With the Dayton Peace Agreement, the former pre-war Sarajevo municipalities of Ilijas, Vogosca, Hadzici, Ilidza, Rajlovac, and Grbavica became part of the Federation of BiH (FBiH), and peripheral municipalities became part of another entity, Republika Srpska (RS).
The BiH Prosecutor’s Office received the case from the mayor of Sarajevo
The mayor of Sarajevo, Benjamina Karic, filed a criminal complaint against Ljubisa Cosic, the mayor of Istocno Sarajevo, for placing a sign on the entity demarcation line, near which there is also a sign dedicated to Ratko Mladic, convicted of war crimes and genocide in BiH. The complaint was filed, as she clarified on her Facebook profile, because of the spread of hatred.
In the criminal report, Karic stated, among other things, that this sign was placed in response to the sign placed at the entrance to the City of Sarajevo, which stated that Sarajevo was under siege for 1.425 days.
This fact was established by the Hague Tribunal in the judgments against former political and military officials of the RS.
Karic did not comment on her complaint, and the Prosecutor’s Office of BiH confirmed that they had received the case and that a prosecutor had been appointed in this case.
What does the mayor of Istocno Sarajevo say?
For the mayor of Istocno Sarajevo, Ljubisa Cosic, the sign about the expulsion of Serbs from Sarajevo is a “regular activity that includes the replacement of old signs at the entrance to Istocno Sarajevo”.
Cosic emphasized that the “welcome message posted on the sign” is a historical fact.
“I look at a sign “1.425 days under siege” and my residents say “look what they are doing, what nonsense” and I should be silent. Well, I won’t,” says Cosic, and adds that he has received dozens of emails of approval and support.

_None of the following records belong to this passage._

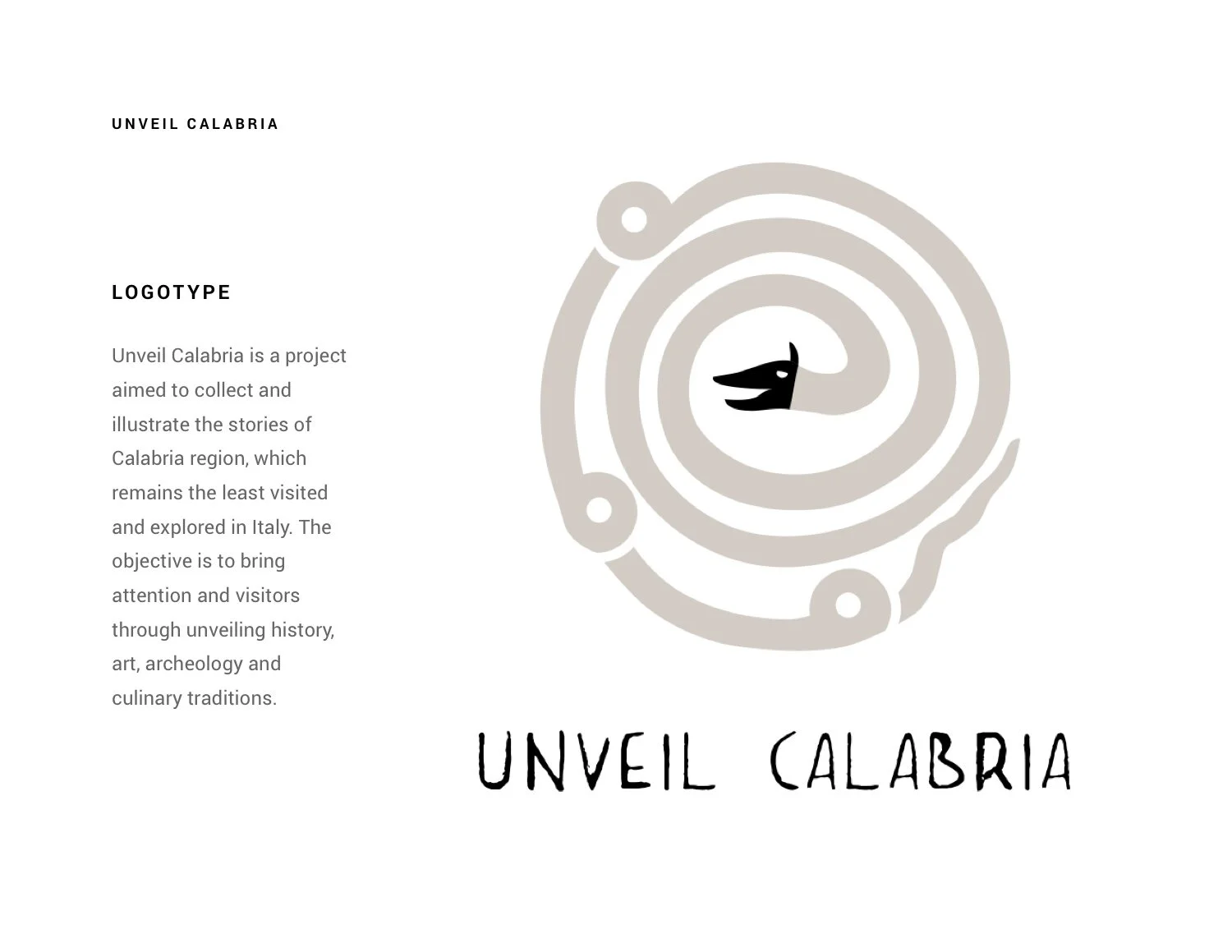 01 Unveil Calabria.jpg
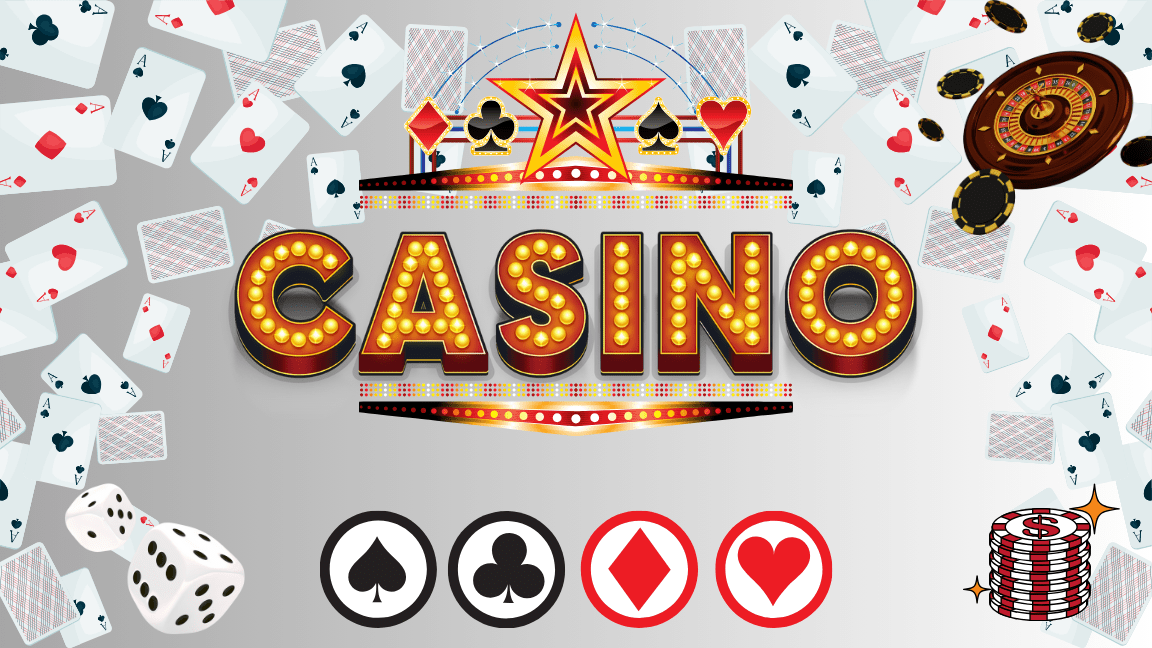 Discover New Non Gamstop Casino Sites for 2023 -1870277217 Discover New Non Gamstop Casino Sites for 2023 -1870277217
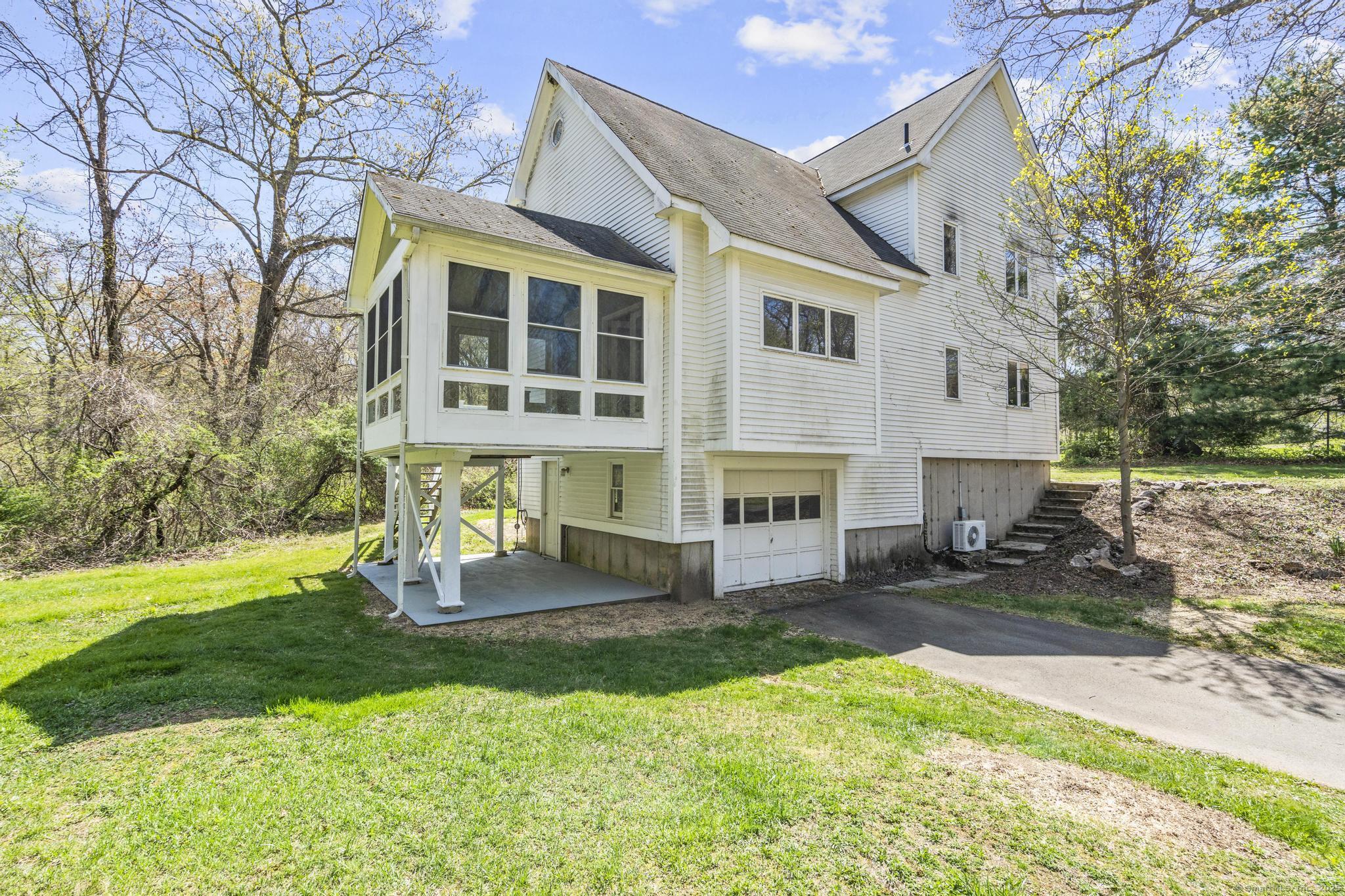204 Sachem Head Road, Guilford, Connecticut image 37
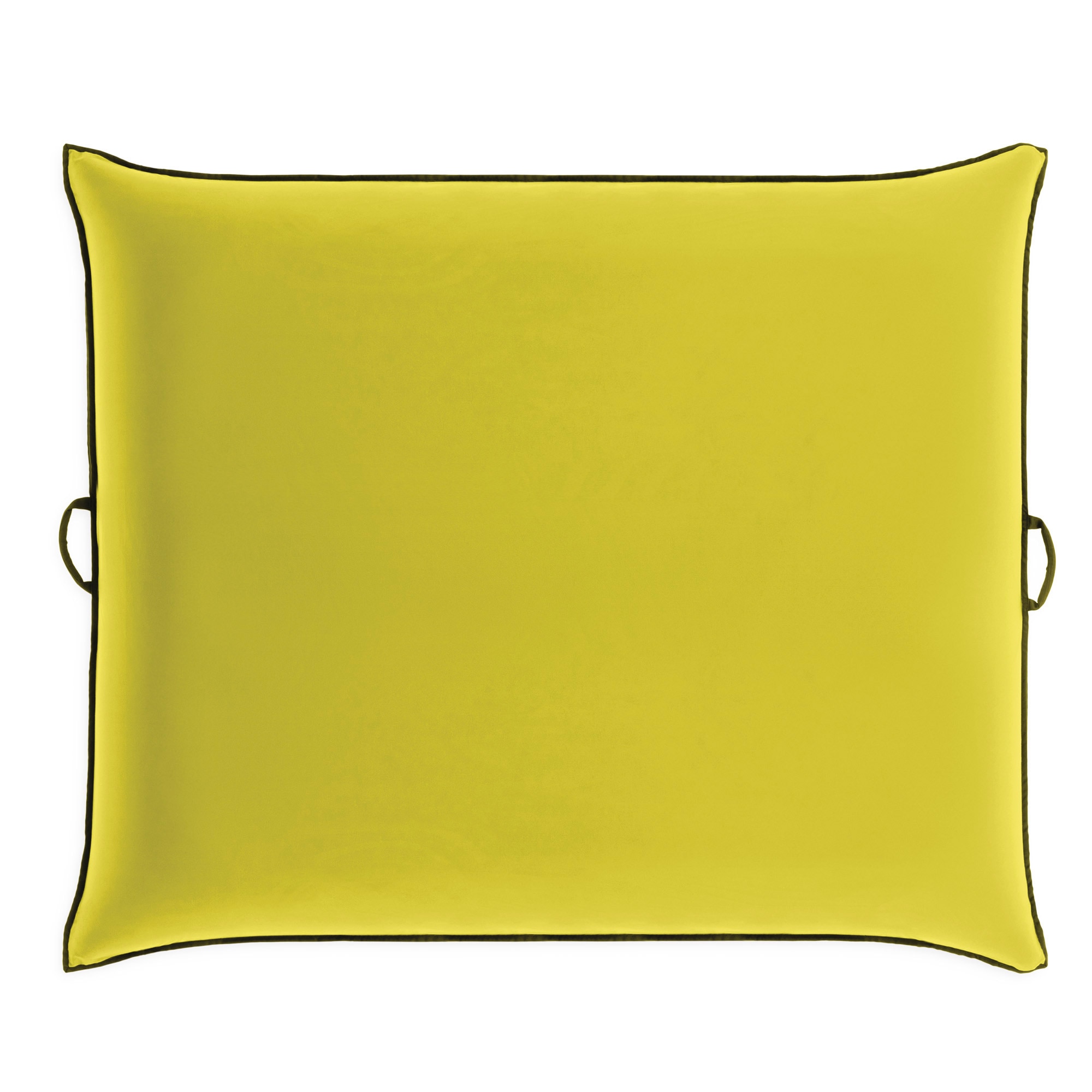 Colchoneta Lounge de Luxe 7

Citizens of Serbian nationality in Sarajevo were surprised by Cosic’s move
The family of Srdjan Srdic stayed in Sarajevo after the signing of the Dayton Peace Agreement. This 37-year-old emphasized that he considers the installation of this sign “scandalous”.
Rajko Zivkovic also lives in Sarajevo. During the war, he was the secretary of the Serbian Civic Council, a non-governmental organization that was formed during the war in Sarajevo.
“One hundred and fifty-seven thousand is a really big number, it’s actually a much smaller number of Serbs who left the Sarajevo area for Istocno Sarajevo. Why Cosic put up that sign and what he wanted to achieve with it, I don’t understand,” says Zivkovic, Slobodna Evropa reports.
E.Dz.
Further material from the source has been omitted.